## PROVIDED DATA:
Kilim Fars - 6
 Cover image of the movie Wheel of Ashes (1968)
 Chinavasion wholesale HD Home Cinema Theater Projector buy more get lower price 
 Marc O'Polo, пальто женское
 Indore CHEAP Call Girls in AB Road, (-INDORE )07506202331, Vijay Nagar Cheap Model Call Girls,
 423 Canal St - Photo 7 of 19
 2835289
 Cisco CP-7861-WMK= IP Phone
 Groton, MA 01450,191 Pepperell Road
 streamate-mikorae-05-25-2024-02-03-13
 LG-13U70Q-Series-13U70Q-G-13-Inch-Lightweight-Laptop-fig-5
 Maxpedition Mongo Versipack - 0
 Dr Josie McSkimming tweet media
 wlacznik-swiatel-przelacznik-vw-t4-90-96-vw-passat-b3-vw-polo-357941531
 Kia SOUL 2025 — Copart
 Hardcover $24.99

## EXERCISE DETAILS:
All lines from the one containing "Cisco CP-7861-WMK= IP Phone" to the last line of the material above must be copied exactly, and only those.

## SOLUTION FOR THIS PROBLEM:
 Cisco CP-7861-WMK= IP Phone
 Groton, MA 01450,191 Pepperell Road
 streamate-mikorae-05-25-2024-02-03-13
 LG-13U70Q-Series-13U70Q-G-13-Inch-Lightweight-Laptop-fig-5
 Maxpedition Mongo Versipack - 0
 Dr Josie McSkimming tweet media
 wlacznik-swiatel-przelacznik-vw-t4-90-96-vw-passat-b3-vw-polo-357941531
 Kia SOUL 2025 — Copart
 Hardcover $24.99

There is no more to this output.